Web page caption snippets:
* * * * *
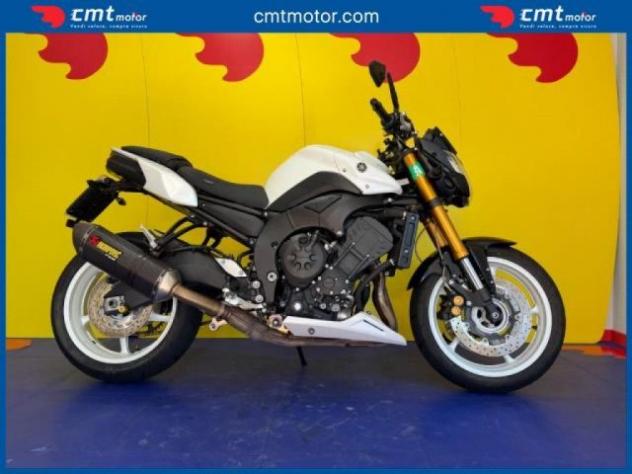 YAMAHA FZ8 Garantita e Finanziabile rif. 24058503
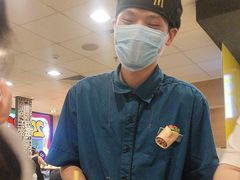 -麦当劳(从化从城大道店)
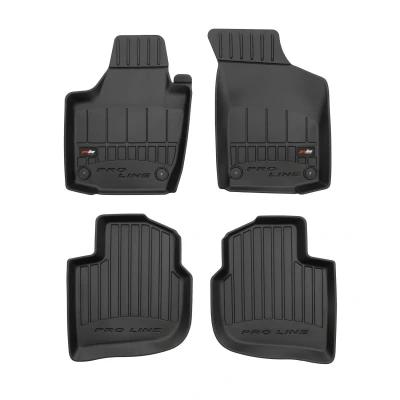 Afbeelding van Set vloermatten, rubber FROGUM FRG 3D407480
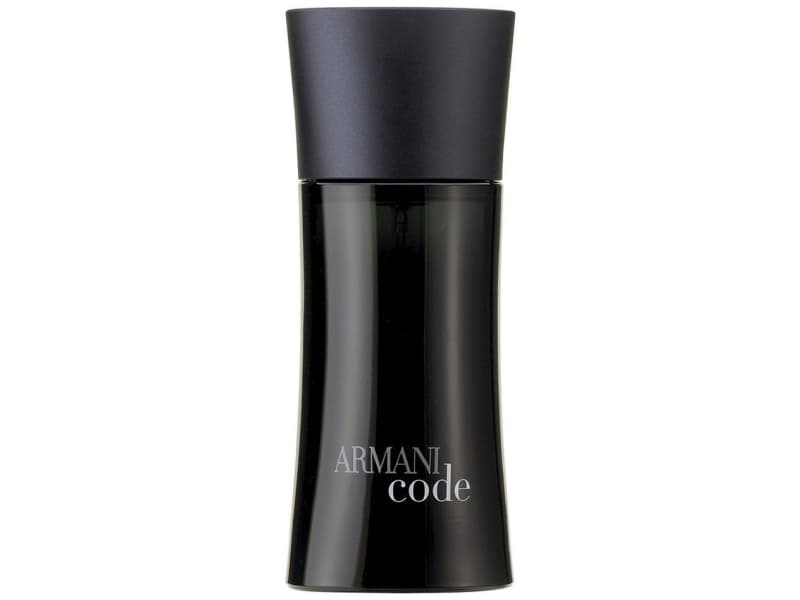 Armani Code Pour Homme Edt Spray - Mand - 200 ml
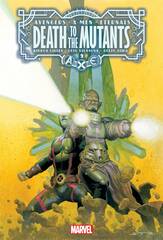 Axe Death To Mutants #2 (Of 3) (STL233518)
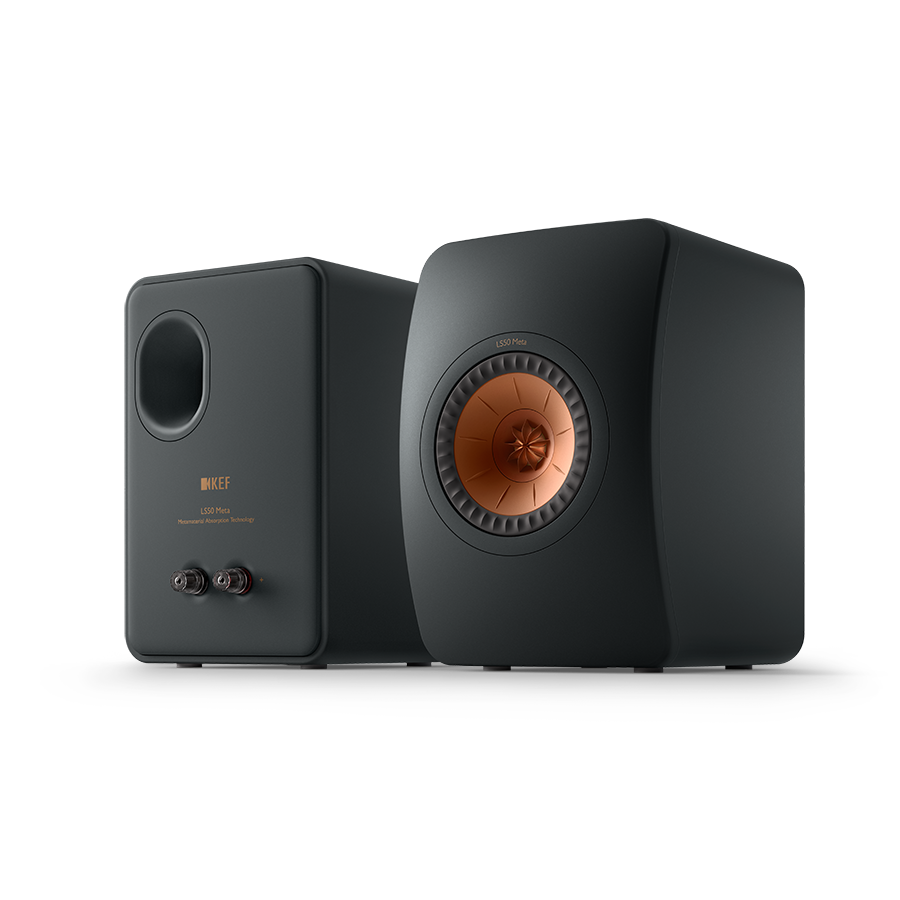 ls50-meta_sp4027b_product__front-back-side KEF LS50 Meta lentyninės kolonėlės (pora) – Titanium Grey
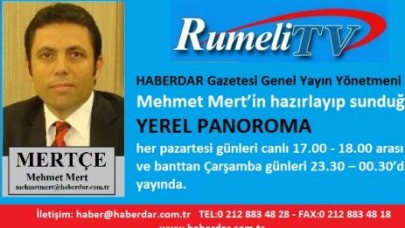 BAŞKANLAR BU PROGRAMDA BULUŞUYOR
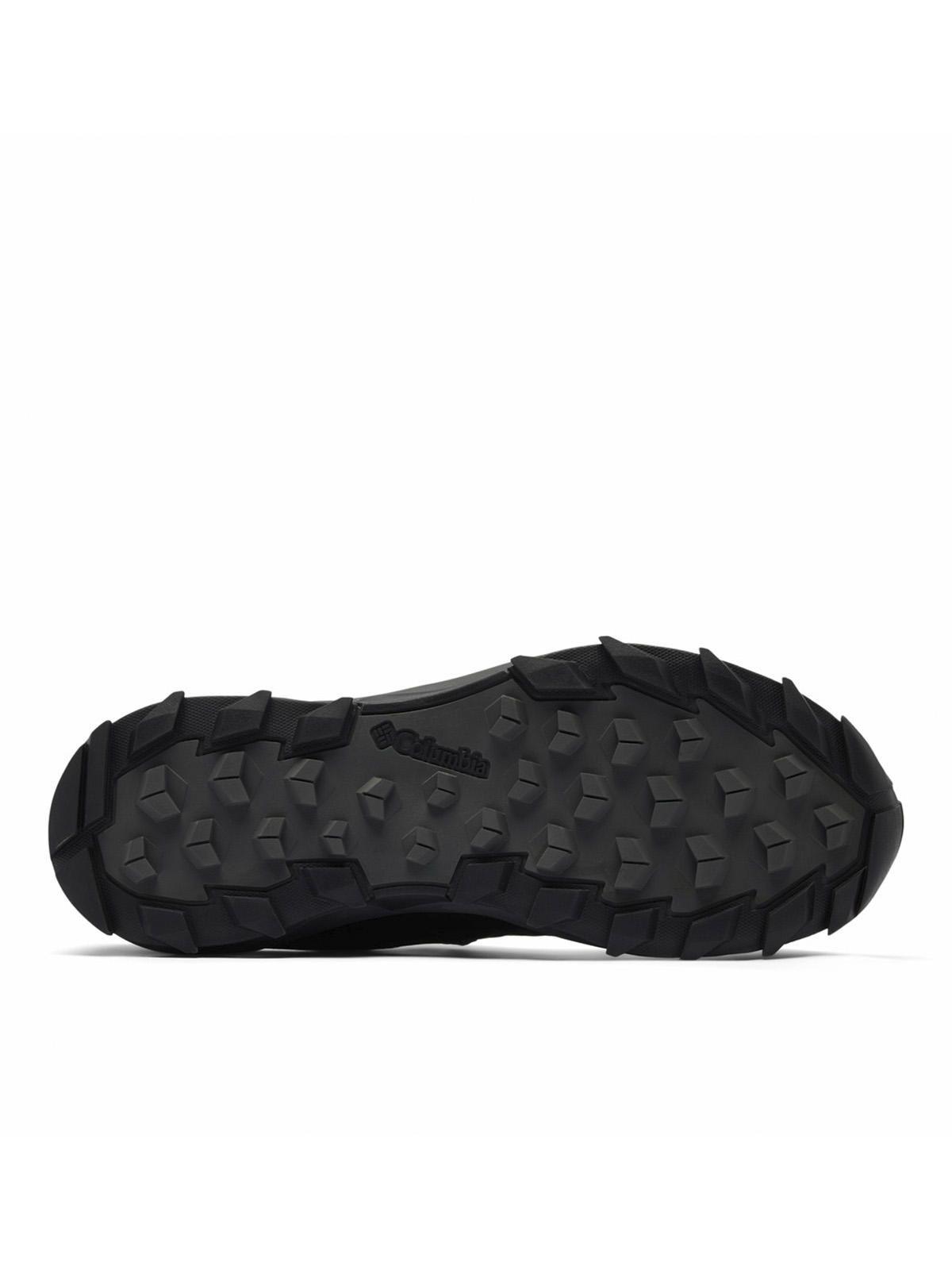 Zapatilla Waterproof Hombre Peakfreak 3 Outdry Negro-9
* * * * *
Task requirements
Copy exactly the lines from the line containing "-麦当劳(从化从城大道店)" through the last line of the records, both included, and omit every picture.

Completed task
 -麦当劳(从化从城大道店)
 Afbeelding van Set vloermatten, rubber FROGUM FRG 3D407480
 Armani Code Pour Homme Edt Spray - Mand - 200 ml
 Axe Death To Mutants #2 (Of 3) (STL233518)
 ls50-meta_sp4027b_product__front-back-side KEF LS50 Meta lentyninės kolonėlės (pora) – Titanium Grey
 BAŞKANLAR BU PROGRAMDA BULUŞUYOR
 Zapatilla Waterproof Hombre Peakfreak 3 Outdry Negro-9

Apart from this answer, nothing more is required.